[Records contained in a dataset]
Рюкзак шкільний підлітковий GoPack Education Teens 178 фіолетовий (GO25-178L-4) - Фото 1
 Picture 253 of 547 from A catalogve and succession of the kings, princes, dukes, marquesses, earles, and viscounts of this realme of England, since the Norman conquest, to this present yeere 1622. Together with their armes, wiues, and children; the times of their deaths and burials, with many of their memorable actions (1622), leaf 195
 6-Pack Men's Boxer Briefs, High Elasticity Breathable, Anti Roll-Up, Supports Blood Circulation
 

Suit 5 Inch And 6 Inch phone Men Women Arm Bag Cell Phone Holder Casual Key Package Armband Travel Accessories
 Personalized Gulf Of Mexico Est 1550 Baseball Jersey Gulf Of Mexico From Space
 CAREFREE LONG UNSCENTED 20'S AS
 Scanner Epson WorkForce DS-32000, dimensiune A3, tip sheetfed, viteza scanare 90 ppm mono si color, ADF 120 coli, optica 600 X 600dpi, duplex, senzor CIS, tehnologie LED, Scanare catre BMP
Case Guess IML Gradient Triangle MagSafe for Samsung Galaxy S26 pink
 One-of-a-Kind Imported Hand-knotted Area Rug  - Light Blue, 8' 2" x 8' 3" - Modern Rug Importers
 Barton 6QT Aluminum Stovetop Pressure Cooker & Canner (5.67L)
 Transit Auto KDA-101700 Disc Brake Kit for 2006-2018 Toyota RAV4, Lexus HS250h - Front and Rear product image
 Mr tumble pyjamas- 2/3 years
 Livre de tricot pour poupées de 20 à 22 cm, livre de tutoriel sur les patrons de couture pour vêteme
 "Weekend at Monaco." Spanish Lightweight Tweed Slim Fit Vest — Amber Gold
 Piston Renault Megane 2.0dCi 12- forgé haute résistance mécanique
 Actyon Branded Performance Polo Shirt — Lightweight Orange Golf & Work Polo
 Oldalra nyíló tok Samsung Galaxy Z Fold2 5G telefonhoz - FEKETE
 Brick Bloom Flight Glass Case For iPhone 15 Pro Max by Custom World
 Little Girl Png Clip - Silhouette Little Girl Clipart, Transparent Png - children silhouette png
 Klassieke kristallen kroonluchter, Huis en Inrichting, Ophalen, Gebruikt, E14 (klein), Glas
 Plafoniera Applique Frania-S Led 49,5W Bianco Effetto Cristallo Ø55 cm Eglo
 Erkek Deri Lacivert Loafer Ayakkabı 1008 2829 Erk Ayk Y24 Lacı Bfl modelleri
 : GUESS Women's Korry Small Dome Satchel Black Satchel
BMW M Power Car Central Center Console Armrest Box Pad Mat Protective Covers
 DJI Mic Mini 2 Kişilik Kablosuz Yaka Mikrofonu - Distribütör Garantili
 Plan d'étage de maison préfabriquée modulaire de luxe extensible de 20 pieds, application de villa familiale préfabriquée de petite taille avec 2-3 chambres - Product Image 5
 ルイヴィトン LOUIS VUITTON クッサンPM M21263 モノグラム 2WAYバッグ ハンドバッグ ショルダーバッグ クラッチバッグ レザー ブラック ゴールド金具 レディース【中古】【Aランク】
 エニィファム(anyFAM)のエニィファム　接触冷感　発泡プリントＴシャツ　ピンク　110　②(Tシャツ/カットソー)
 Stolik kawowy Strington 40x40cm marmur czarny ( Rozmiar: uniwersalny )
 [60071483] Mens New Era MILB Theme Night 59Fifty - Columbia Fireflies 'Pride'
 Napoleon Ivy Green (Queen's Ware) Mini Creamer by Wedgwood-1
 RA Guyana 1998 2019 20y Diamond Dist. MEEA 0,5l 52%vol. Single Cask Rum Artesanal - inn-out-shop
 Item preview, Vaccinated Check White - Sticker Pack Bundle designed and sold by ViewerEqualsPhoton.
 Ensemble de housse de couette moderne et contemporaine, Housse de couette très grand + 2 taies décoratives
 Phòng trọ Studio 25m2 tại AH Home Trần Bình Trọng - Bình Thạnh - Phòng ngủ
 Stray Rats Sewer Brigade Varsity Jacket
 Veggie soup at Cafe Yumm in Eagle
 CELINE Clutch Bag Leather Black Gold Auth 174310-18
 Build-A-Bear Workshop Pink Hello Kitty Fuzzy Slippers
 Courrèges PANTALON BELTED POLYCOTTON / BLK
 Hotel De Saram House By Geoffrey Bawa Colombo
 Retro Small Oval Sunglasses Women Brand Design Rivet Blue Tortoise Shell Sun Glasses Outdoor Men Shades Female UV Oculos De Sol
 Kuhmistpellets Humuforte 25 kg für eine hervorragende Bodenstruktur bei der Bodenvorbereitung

◆ **WORK TO BE COMPLETED**: Repeat, exactly as they stand above, the lines from the line with "Plan d'étage de" to the line with "ルイヴィトン LOUIS VUITTON", both lines included.

◆ **RESPONSE**:
 Plan d'étage de maison préfabriquée modulaire de luxe extensible de 20 pieds, application de villa familiale préfabriquée de petite taille avec 2-3 chambres - Product Image 5
 ルイヴィトン LOUIS VUITTON クッサンPM M21263 モノグラム 2WAYバッグ ハンドバッグ ショルダーバッグ クラッチバッグ レザー ブラック ゴールド金具 レディース【中古】【Aランク】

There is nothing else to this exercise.